Open jaroslav-kuchar opened 8 years ago
When plotting the clusters e.g. with k-means algorithm, all the points of one cluster belong to e.g. an ellipsoid (see the link you sent me at section "Plotting cluster package").
Another example is that when we have multidimensional data to plot after clustering we have to make PCA. In order to understand what parameters are missing (if not already) you have to try and plot each model with the parameters we already have extracted. Your source seems good. You could also see: 1.) (factoextra library) http://www.sthda.com/english/wiki/factoextra-r-package-easy-multivariate-data-analyses-and-elegant-visualization 2.) (cluster library) https://rstudio-pubs-static.s3.amazonaws.com/33876_1d7794d9a86647ca90c4f182df93f0e8.html
or other libraries e.g. pvclust, fpc, clustersim,mclust,som etc.

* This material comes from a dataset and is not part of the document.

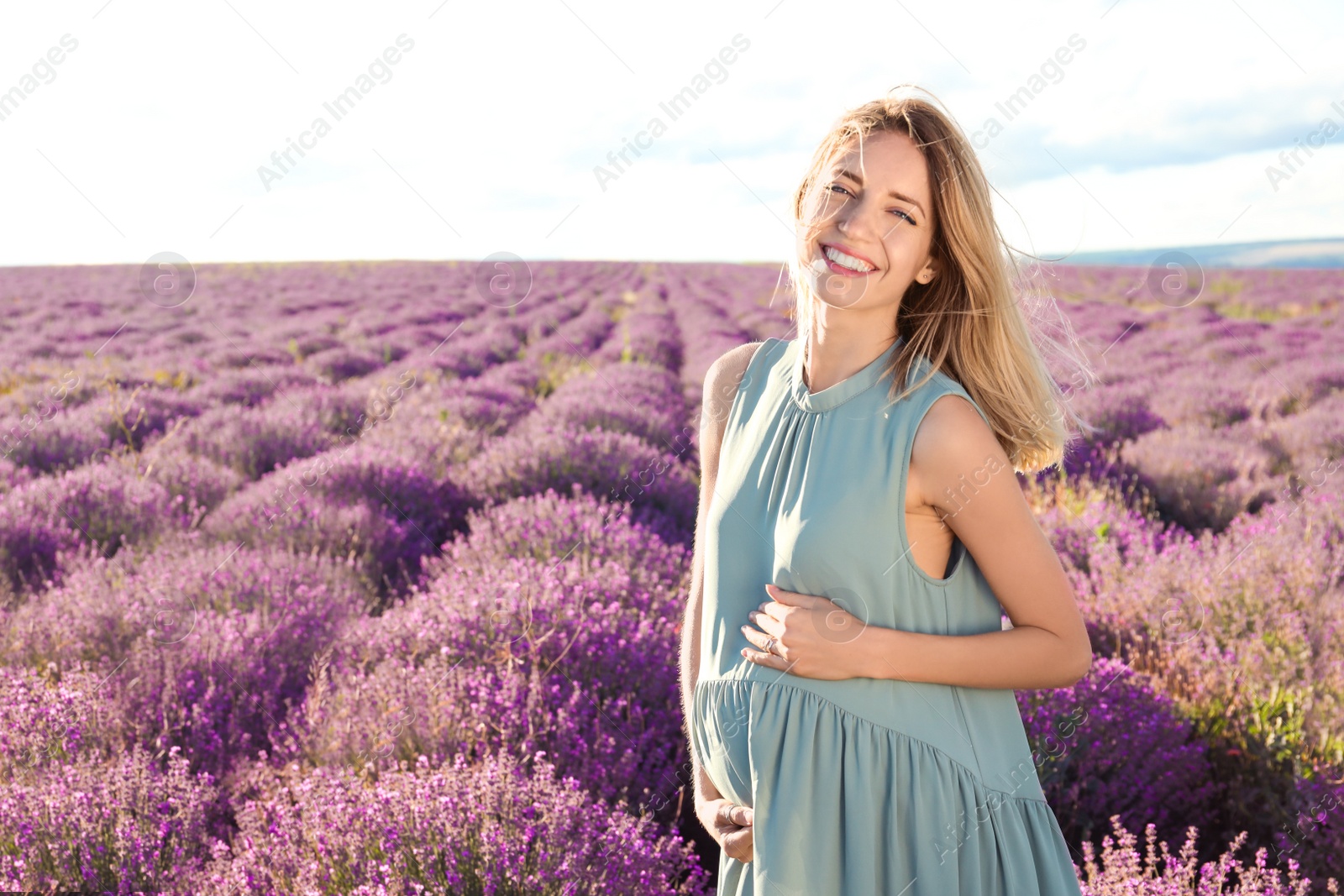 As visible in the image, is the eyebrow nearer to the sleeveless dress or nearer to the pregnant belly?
the sleeveless dress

PS: Some other parameters for comparisons are also extracted.
Sorry for my inactivity. Let's start with an example: k-means on the standard iris dataset. I have prepared an initial version of implementation that can be integrated within the cluster.obeu function. "Ellipses" and "Convex hulls" sections prepare datapoints that can be easily used to plot such visualizations.
require(car)
require(jsonlite)
data("iris")
# preprocessing
inputs.data <- iris[,1:4]
inputs.data <- scale(inputs.data)
# clustering and pca
inputs.clustering <- jsonlite::fromJSON(cluster.obeu(inputs.data,"kmeans",3))
inputs.pca <- prcomp(inputs.data, scale. = T)
# ellipses
inputs.ellipses <- lapply(
unique(inputs.clustering$clusters),
function(cl) car::dataEllipse(
inputs.pca$x[which(inputs.clustering$clusters==cl),1],
inputs.pca$x[which(inputs.clustering$clusters==cl),2],
draw=F,
levels=c(0.99),
segments=100)
)
# convex hulls
inputs.convexHulls <- lapply(
unique(inputs.clustering$clusters),
function(clId){
dat <- inputs.pca$x[which(inputs.clustering$clusters==clId),1:2]
pts <- chull(dat)
return(dat[c(pts, pts[1]), 1:2])
}
)
# plot
plot(inputs.pca$x[,1:2])
sapply(seq_along(inputs.ellipses), function(clId) lines(inputs.ellipses[[clId]], col=palette()[clId]))

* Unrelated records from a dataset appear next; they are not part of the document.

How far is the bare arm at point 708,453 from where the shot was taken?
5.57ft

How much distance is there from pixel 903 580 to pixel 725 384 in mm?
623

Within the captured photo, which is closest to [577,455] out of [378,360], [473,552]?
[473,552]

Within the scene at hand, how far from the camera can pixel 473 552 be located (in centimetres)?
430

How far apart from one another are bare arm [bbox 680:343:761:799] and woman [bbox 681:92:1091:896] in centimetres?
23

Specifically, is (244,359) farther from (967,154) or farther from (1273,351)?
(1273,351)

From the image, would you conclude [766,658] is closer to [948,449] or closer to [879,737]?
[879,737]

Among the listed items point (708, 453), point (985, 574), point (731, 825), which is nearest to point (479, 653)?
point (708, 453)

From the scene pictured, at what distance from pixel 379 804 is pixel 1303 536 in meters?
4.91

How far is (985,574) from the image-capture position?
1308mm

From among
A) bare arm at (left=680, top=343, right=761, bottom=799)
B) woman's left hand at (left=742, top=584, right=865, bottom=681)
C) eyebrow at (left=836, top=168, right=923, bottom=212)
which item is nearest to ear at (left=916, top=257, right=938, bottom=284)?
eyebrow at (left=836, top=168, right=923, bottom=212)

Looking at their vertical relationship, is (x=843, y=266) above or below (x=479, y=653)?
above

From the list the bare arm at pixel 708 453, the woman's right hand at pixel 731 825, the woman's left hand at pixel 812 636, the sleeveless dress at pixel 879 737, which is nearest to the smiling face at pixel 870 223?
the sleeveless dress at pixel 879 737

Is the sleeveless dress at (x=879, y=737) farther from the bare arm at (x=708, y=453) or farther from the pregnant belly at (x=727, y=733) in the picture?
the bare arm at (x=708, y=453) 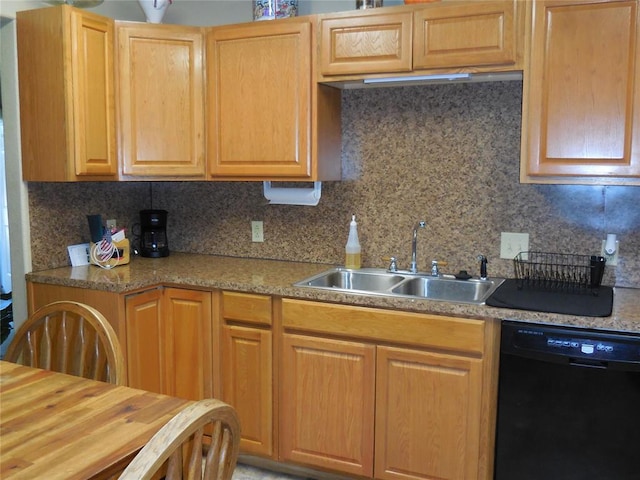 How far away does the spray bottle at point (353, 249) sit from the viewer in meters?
2.84

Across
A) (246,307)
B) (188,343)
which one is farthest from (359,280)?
(188,343)

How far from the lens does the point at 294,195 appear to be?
295 centimetres

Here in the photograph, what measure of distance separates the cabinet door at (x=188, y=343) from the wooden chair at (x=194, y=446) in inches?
61.4

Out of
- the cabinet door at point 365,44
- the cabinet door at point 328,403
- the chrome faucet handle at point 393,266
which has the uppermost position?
the cabinet door at point 365,44

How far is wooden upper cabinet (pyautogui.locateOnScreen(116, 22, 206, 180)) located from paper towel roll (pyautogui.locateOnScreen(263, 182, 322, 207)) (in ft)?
1.16

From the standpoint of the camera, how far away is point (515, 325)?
208cm

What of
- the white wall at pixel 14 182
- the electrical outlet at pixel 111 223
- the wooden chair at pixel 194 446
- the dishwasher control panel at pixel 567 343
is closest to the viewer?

sapply(seq_along(inputs.convexHulls), function(clId) lines(inputs.convexHulls[[clId]], col=palette()[clId]))
sapply(seq_along(unique(inputs.clustering$clusters)), function(clId) points(inputs.pca$x[which(inputs.clustering$clusters==unique(inputs.clustering$clusters)[clId]),1:2],col=palette()[clId]))

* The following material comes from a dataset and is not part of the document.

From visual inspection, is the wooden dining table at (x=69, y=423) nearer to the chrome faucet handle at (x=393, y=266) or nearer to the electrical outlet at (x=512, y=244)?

Hello jaroslav, can you adjust and include these pieces of code directly in the R script (https://github.com/okgreece/Cluster.OBeu/blob/master/R/cl.analysis.r) ?
The plotting functions and parameters for ellipses and convex hulls are integrated into the kmeans section of the "cl.analysis" function. Names of parameters should be adjusted to your conventions/preferences.
Hello @jaroslav-kuchar , thanks for your great work. I've added your code chunks where it was necessary. The check test returns the following warnings (concerning your function "plot.clustering.model"):
Can you please make the appropriate changes?
I have made changes and updates of imports for clustering plot functions. It should be fixed now.
Thank you. Could you also update your description in "cl.plot" function, which is needed for the manual.
The description should be completed by now.
Thank you
Hello @jaroslav-kuchar I had a discussion with @larjohn about the returns of the ellipse. There are different ways of drawing an ellipse (https://en.wikipedia.org/wiki/Ellipse). Currently you return 100 points to draw an ellipse. Can you return these 4 points marked with green?
Thank you
Hello @kleanthisk10 , the current implementation is build on top of the R package car and its dataEllipse function. This function is designed to return points for the drawing. You can try to change the segments parameter to 4 if it will be able to return exactly the points you would like to have.
The cluster function should return a list of parameters that are important to plot specific models. Could you please specify an example of missing/required parameters? An example covering the whole flow from data to the plot can also help to get it all. Maybe requirements from the visualization point of view can help properly design list of needed attributes. Is the idea somehow similar to "Plotting cluster package" from: https://cran.r-project.org/web/packages/ggfortify/vignettes/plot_pca.html ?